## WHAT THIS TASK INVOLVES
Quote exactly and only this range of lines in the data below: the line that holds "Stefanel Women's Button" to the line that holds "Used 2018 Dodge Charger SXT Plus RWD image 6", both included.

## DATASET
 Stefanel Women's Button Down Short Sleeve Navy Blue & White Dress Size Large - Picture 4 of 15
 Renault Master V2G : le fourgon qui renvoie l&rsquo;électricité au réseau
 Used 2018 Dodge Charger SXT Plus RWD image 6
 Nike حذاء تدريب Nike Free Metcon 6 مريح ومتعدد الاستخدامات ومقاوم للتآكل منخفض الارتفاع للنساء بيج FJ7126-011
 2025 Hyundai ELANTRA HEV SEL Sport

* * *

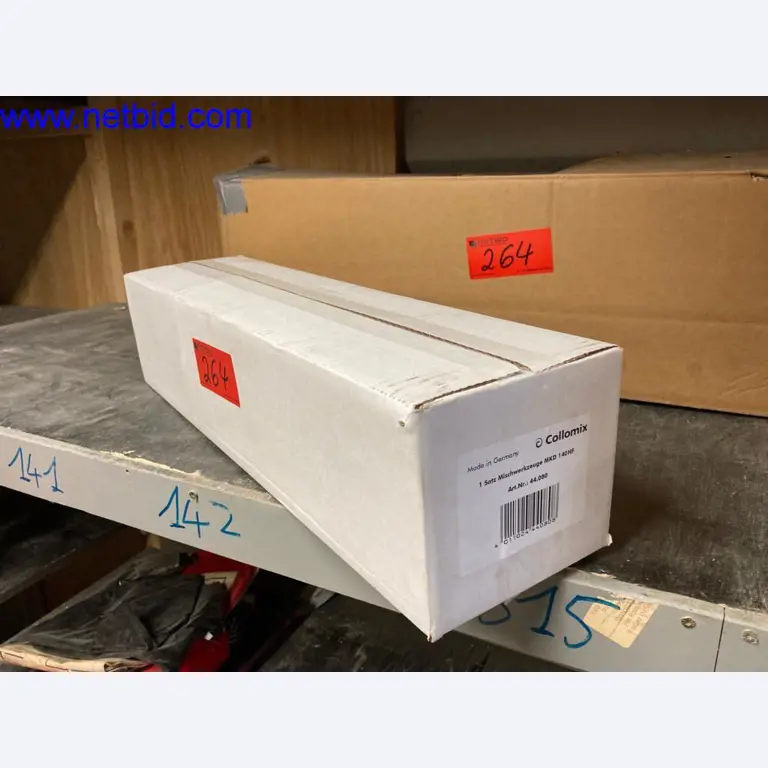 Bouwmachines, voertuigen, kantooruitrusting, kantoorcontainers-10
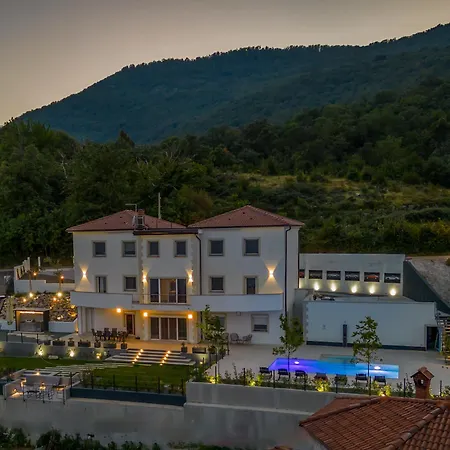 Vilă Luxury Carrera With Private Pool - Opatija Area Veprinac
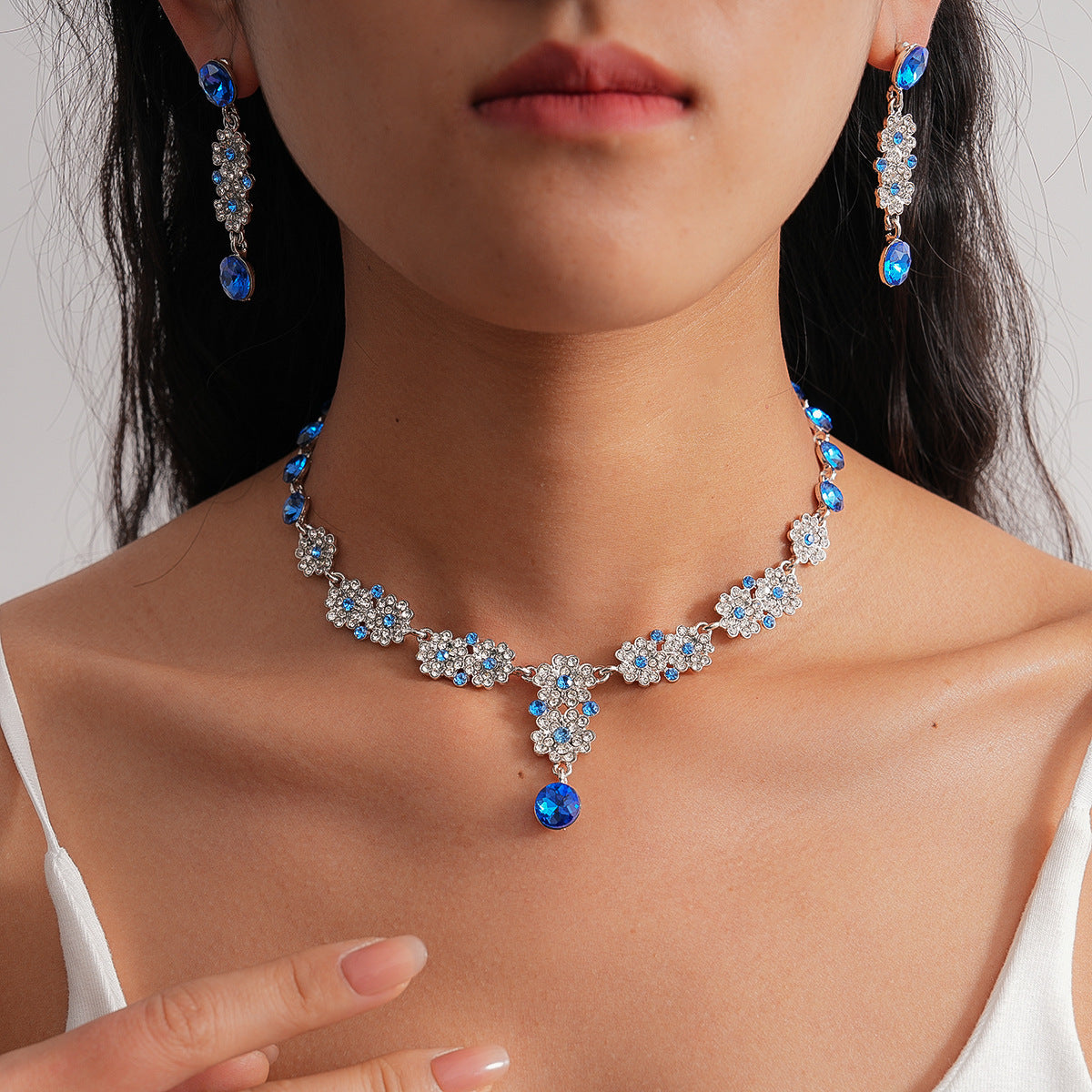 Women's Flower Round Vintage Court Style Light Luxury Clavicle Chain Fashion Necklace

## TASK RESPONSE
 Stefanel Women's Button Down Short Sleeve Navy Blue & White Dress Size Large - Picture 4 of 15
 Renault Master V2G : le fourgon qui renvoie l&rsquo;électricité au réseau
 Used 2018 Dodge Charger SXT Plus RWD image 6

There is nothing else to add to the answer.